A review by geofroggatt
Babyfucker by Urs Allemann

3.0

In my mission to read as much taboo and transgressive fiction as I can, I stumbled upon this book and I have been avoiding it ever since. After seeing the length, I decided to get this one over with and just bite the bullet and read it. This book, to me, is about the reader being trapped in a deranged mind and trying to decipher a story from his stream of consciousness. Part of the twisted charm of this book is the simple cover and title, and as disgusting and transgressive as it is, people pick it up and read it all the same. Including me. What does that say about people? What does that say about me? This book in itself makes us question the nature of taboo and transgressive fiction and what stories can and should be told. Why do we tell stories like this? Why do we read them? It reinforces the power of words and how we can use and abuse them, how words are more than just words and they hold weight and can change the world in a tangible way. From the first sentence, it would be easy to mistake this book for a cheap attempt at shock through obscenity, but there’s something more here. The stream of consciousness and rambling narrative hides something beneath the obscenity and crass darkness. We follow a man who claims to fuck babies. At first it seems literal, until we slowly come to find that the man is deranged and may not exist in reality and sanity the way that people do. Is this literal? What is real and what is not? This book is not what you think it is… or is it? Are we inside the mind of a deranged man exorcising his guilty intrusive thoughts, or are we piecing together the psyche of a monstrous sexual predator? It almost doesn’t matter. I think this book functions as something more than what the narrative means. This is a reminder of the power of words and literature, how choosing your words carefully can create beautiful or monstrous things. Most of all, I think this book is a grim reminder that monstrous and horrific things cannot be decorated, glamorized, or beautified beyond what they truly are. Great and terrible things are still terrible. The foreword and afterword are necessary to read and understand this story, and I appreciate how it bookended the strange experience of reading this book. While this was an interesting look into an obscene mind, I admit I don’t think most readers would appreciate what this novel is trying to do, and that’s okay too.

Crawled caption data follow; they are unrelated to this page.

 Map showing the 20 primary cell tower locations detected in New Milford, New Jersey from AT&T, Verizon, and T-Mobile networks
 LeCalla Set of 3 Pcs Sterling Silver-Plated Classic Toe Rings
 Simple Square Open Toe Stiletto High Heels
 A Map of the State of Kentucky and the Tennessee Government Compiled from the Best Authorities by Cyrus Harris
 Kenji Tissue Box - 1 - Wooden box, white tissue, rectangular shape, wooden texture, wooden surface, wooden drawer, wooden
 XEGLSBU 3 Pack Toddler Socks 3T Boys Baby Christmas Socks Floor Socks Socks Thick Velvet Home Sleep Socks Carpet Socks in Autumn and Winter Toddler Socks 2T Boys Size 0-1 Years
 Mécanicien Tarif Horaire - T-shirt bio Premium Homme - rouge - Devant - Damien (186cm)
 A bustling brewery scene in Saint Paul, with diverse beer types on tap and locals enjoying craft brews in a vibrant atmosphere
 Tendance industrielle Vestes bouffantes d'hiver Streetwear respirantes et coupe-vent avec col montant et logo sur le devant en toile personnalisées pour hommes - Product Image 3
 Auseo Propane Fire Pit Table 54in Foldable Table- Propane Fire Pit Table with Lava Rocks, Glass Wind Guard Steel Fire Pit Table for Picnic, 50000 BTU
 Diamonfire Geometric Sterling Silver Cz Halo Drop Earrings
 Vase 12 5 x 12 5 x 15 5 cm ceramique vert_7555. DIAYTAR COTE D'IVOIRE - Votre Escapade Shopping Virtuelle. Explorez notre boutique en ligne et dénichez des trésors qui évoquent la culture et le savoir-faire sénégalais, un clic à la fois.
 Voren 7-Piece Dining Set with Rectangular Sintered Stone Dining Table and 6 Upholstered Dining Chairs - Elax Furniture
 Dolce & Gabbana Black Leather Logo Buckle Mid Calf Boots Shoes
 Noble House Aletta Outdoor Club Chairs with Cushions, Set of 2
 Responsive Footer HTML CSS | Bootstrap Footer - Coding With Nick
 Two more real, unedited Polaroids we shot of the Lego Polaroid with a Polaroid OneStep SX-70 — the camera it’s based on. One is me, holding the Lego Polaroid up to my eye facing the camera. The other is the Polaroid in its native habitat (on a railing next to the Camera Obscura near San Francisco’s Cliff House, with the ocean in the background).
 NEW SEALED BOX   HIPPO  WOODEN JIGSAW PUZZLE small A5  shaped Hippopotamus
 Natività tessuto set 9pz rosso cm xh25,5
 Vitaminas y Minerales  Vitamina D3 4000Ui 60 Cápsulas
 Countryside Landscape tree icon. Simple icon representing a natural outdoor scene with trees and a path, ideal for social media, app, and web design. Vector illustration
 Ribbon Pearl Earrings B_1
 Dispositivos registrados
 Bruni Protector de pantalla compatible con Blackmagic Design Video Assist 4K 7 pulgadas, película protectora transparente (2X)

Elizabeth Hall interviewed the author and I found his words to be intriguing:

“It wasn’t an idea. It was an image. An image in my head. A vexing image. An image that was just suddenly there. Without reminding me of anyone or anything. Without eliciting any feeling in me. That’s what was vexing. A challenge. And then suddenly the sentence was there. As a response to the image? As an escape? As self-defense? I don’t know. “I fuck babies.” And then there was the decision to attempt to extract something like a story from this terrible sentence.”